A "transaction or series of connected transactions" "connotes a natural grouping or common nucleus of operative facts." Restatement (Second) Of Judgments 24 cmt. b (1982). Whether a transaction or series of transactions exist is to be determined "pragmatically, 'giving weight to such considerations as whether the facts are related in time, space, origin, or motivation, whether they form a convenient trial unit, and whether their treatment as a trial unit conforms to the parties' expectations or business understanding or usage.'" Barr, 837 S. W.2d at 631 (quoting Restatement (Second) Of Judgments 24 (2).

Where there is a legal relationship, such as under a lease or contract, all claims arising from that relationship will arise from the same subject matter and be subject to res judicata. See Weiman v. Addicks-Fairbanks Road Sand Co., 846 S.W.2d 414, 419 (Tex. App.--Houston [14th Dist.] 1992, writ denied) (finding existence of core facts common to all claims regarding continued operation of landfill after lease expired; combining claims would be consistent with achieving comprehensive conclusion to business relationship).

Here there is a series of connected transactions that arise from the same legal relationship. Claims by the class for post-April 1, 2001 EVFs arise from the same "nucleus of operative facts" - the rental of movies, followed by the assessment of EVFs pursuant to the same EVF policies - as claims for pre-April 1, 2001 EVFs. The same policies are involved; the same parties are involved.

Other jurisdictions have considered claims for "new incidents" arising from an ongoing policy or program. In Monahan v. New York City Dep't of Corrs., 214 F.3d 275 (2d. Cir. 2000), the court found "new incidents" alleged in a second suit over a challenged sick leave policy were barred by res judicata because the policy had been adjudicated by the prior settlement and consent judgment and these "new incidents" were part of the same "transaction" for purposes of res judicata. Monahan, 214 F.3d at 289-290, 293. In Huck v. Dawson, 106 F.3d 45 (3d Cir. 1997), the court rejected the plaintiff's contention that he could pursue claims for continued denial of access to sea ramps after a prior judgment on claims regarding similar denials because that conduct "is precisely the same conduct challenged in the earlier suit." Huck, 106 F.3d at 49-50.

Thus, in light of the plain language of the settlement documents and analogous case law, we find that the trial court did not "broaden" or "reinterpret" the settlement agreement. Instead, the trial court properly determined that "[t]he definition of 'Released Claims' encompasses any claims attacking Blockbuster's EVF policies, including Blockbuster's 'per period' EVF policy that Blockbuster was using at the time of the settlement and continues to use today[,]" and that "[t]he Settlement Class members are therefore barred from challenging Blockbuster's EVF policies in a second suit. The Settlement Class members may not challenge the released policies - including the 'per period' EVF policy - in any litigation, even for EVFs incurred after April 1, 2001."

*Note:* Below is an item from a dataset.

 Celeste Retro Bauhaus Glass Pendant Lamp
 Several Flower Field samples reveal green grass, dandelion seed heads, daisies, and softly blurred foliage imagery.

For Sanders to prevail on either issue two, three, or four, we would have had to determine that the trial court reinterpreted or broadened the Scott class action settlement agreement. As we did not, we overrule issues two, three and four.

In her final issue, Sanders contends the trial court erred in issuing the antisuit injunction. However, Tex R. Civ. P. 308 provides that a trial court "shall cause its judgment and decrees to be carried into execution . . .." Under Rule 308, a trial court is vested with both the authority and affirmative duty to enforce and to protect its orders and decrees. In re Crow-Billingsley Air Park, Ltd., 98 S.W.3d 178, 179 (Tex. 2003); Bridas Corp. v. Unocal Corp., 16 S.W.3d 887, 889 (Tex. App.--Houston [14th Dist.] 2000, pet. dism'd w.o.j.) The court's powers of enforcement include the issuance of antisuit injunctions to prevent "relitigating the identical issues in a foreign court." Bridas Corp., 16 S.W.3d at 890. An antisuit injunction is appropriate in the context of protecting a class action settlement from attack in other jurisdictions. Kortebein v. American Mut. Life Ins. Co., 49 S.W.3d 79, 88-89 (Tex. App.--Austin 2001, pet. denied). We overrule Sanders's fifth issue.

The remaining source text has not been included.